▶ _Action item_:
Retype the line in which "Keep Your Twin" appears, then every line after it until the records end. Leave out the pictures.

▶ _Exercise data_:
━━━━

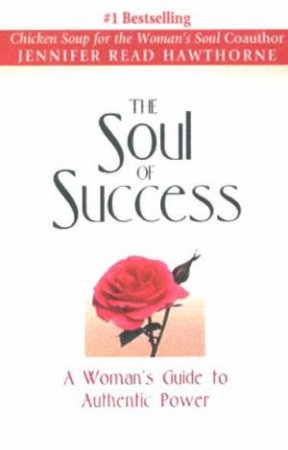 The Soul Of Success by Jennifer Read Hawthorne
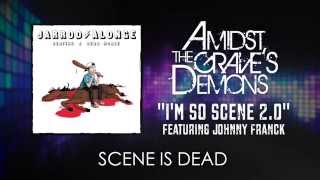 Amidst the Graves Demons  Im So Scene 20 ft Johnny Franck Official Audio [upl. by Aicatsan566]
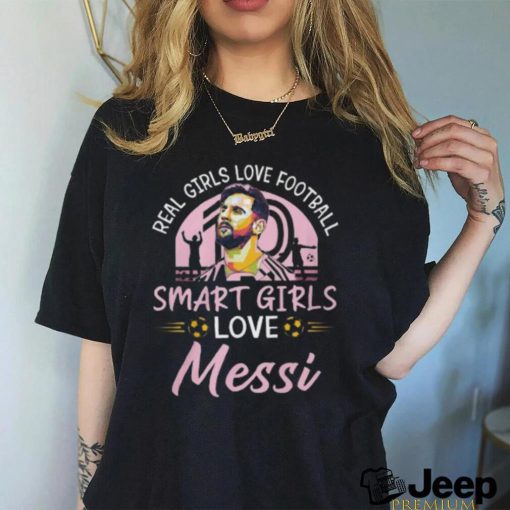 Real Girls Love Football Smart Girls Love Messi T Shirt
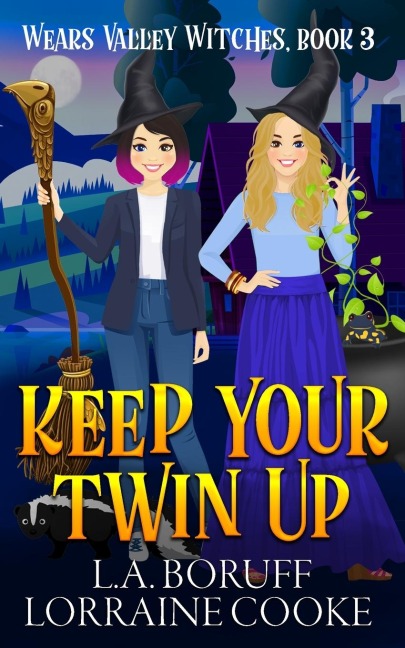 Keep Your Twin Up: A Paranormal Womens Fiction Cozy Witch Mystery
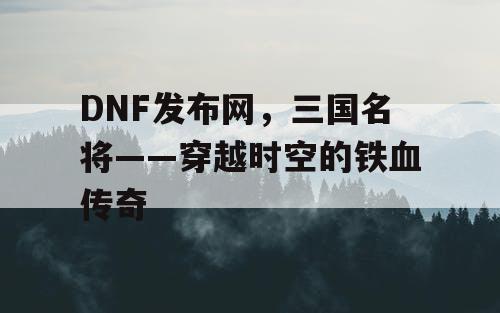 DNF发布网，三国名将——穿越时空的铁血传奇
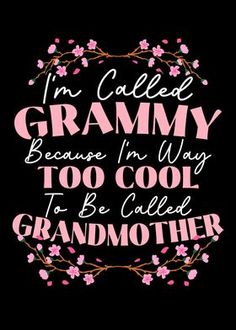 i'm called granny because i'm way too cool to be called grandmother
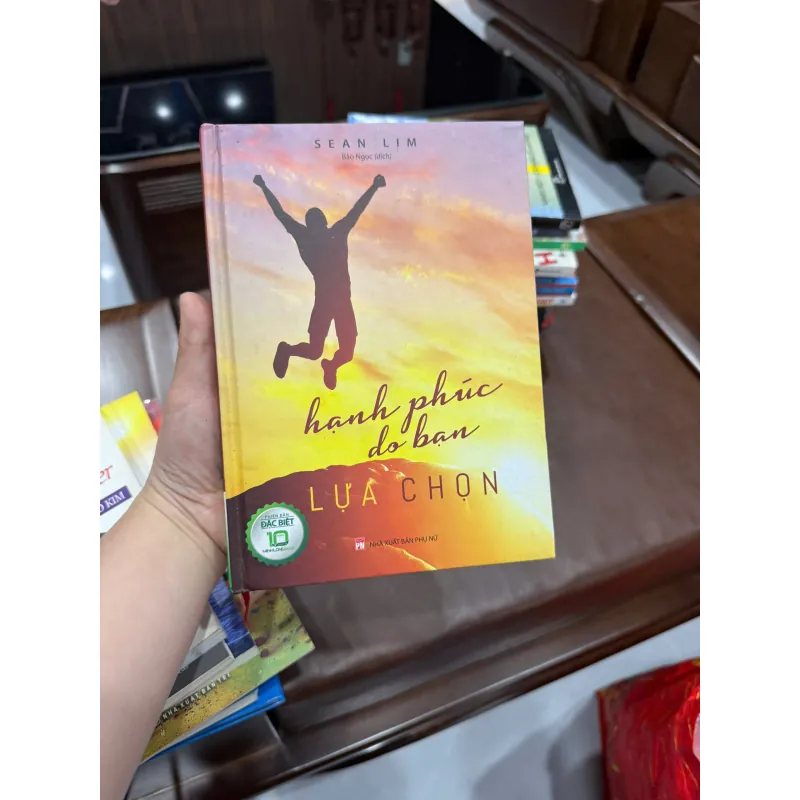 HẠNH PHÚC DO BẠN LỰA CHỌN – SEAN LIM | Sách sống tích cực –K4 1022690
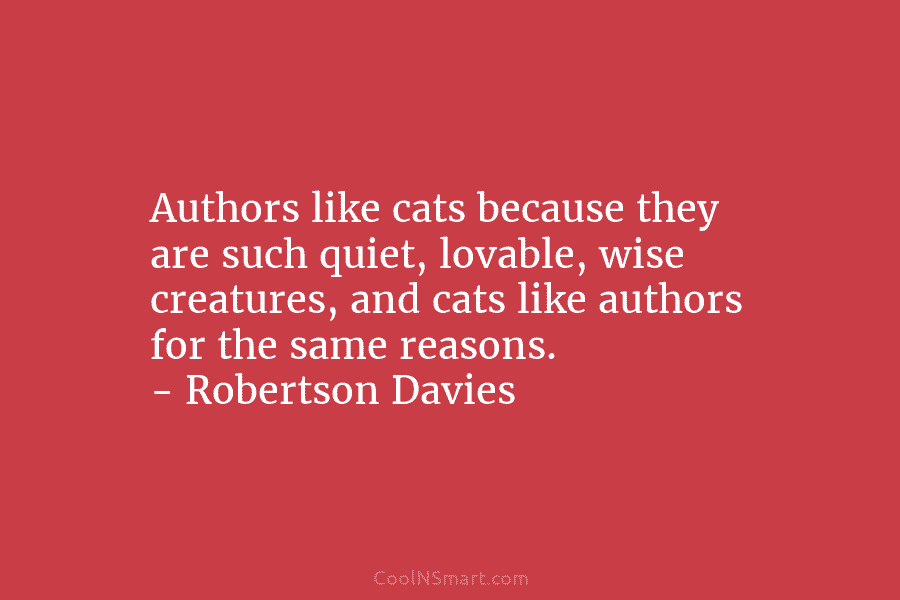Authors like cats because they are such quiet, lovable, wise creatures, and cats like authors for the same reasons. –...
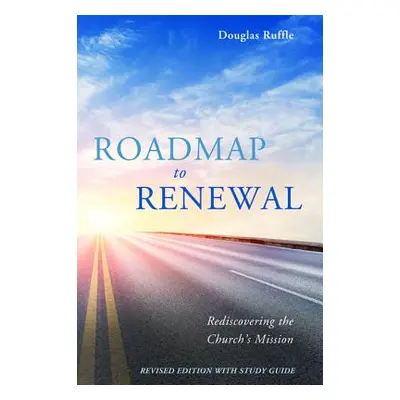 "Roadmap to Renewal" - "" ("Ruffle Douglas")(Paperback)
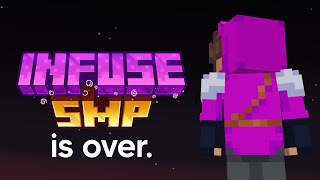 The End of Infuse SMP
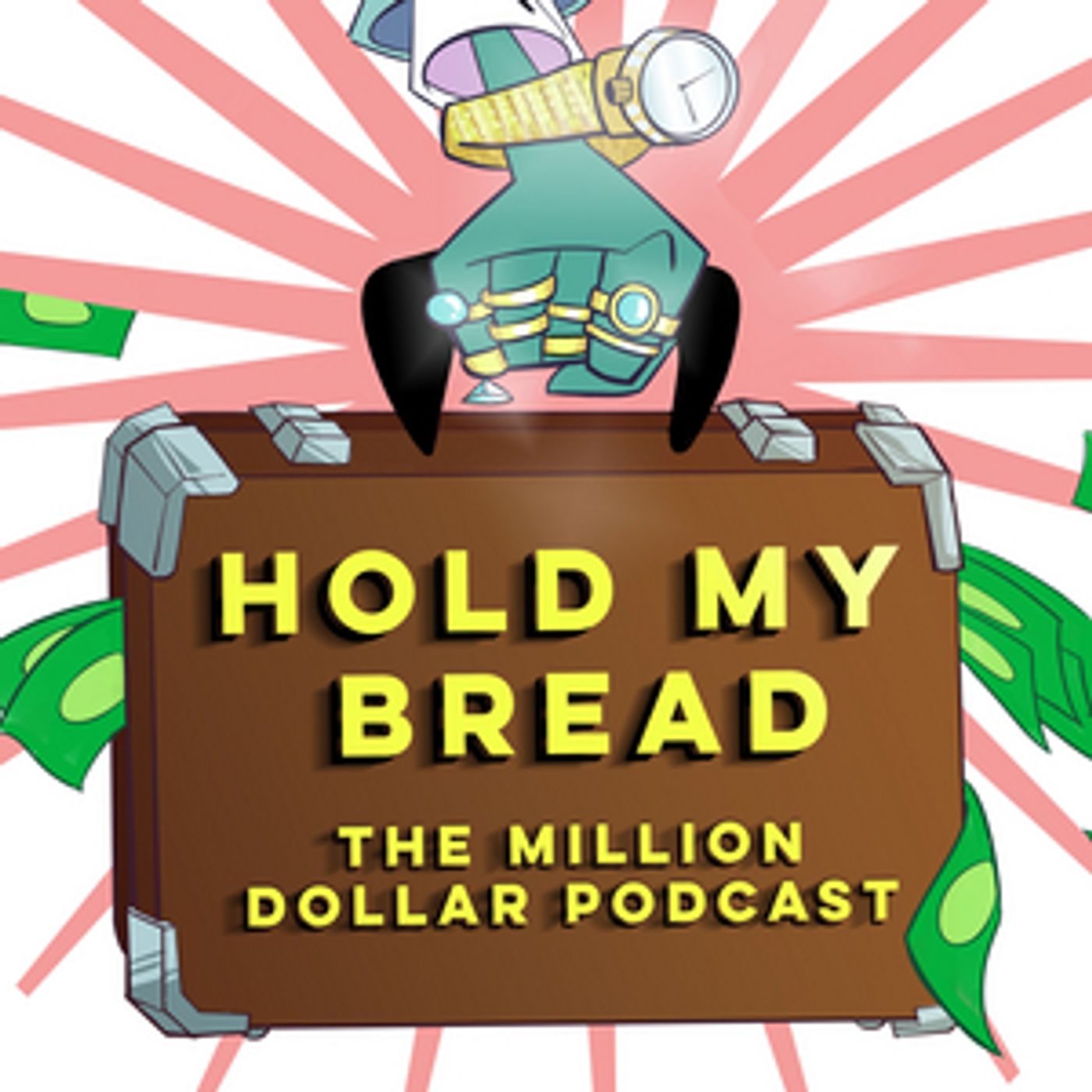 Listen to HOLD MY BREAD: A Personal Finance Comedy Podcast For Unfunny Financial Times  Image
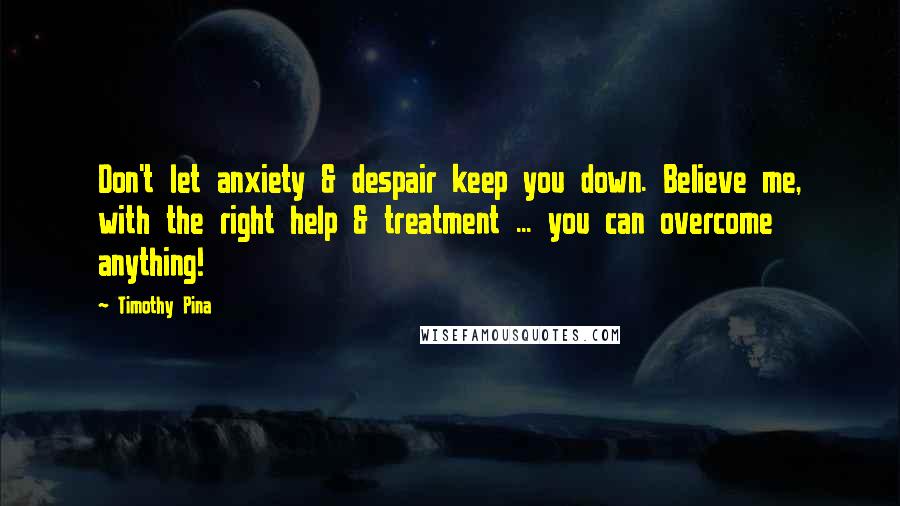 Timothy Pina Quotes: Don't let anxiety & despair keep you down. Believe me, with the right help & treatment ... you can overcome anything!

━━━━

▶ _Answer for the task_:
 Keep Your Twin Up: A Paranormal Womens Fiction Cozy Witch Mystery
 DNF发布网，三国名将——穿越时空的铁血传奇
 i'm called granny because i'm way too cool to be called grandmother
 HẠNH PHÚC DO BẠN LỰA CHỌN – SEAN LIM | Sách sống tích cực –K4 1022690
Authors like cats because they are such quiet, lovable, wise creatures, and cats like authors for the same reasons. –...
 "Roadmap to Renewal" - "" ("Ruffle Douglas")(Paperback)
 The End of Infuse SMP
 Listen to HOLD MY BREAD: A Personal Finance Comedy Podcast For Unfunny Financial Times  Image
 Timothy Pina Quotes: Don't let anxiety & despair keep you down. Believe me, with the right help & treatment ... you can overcome anything!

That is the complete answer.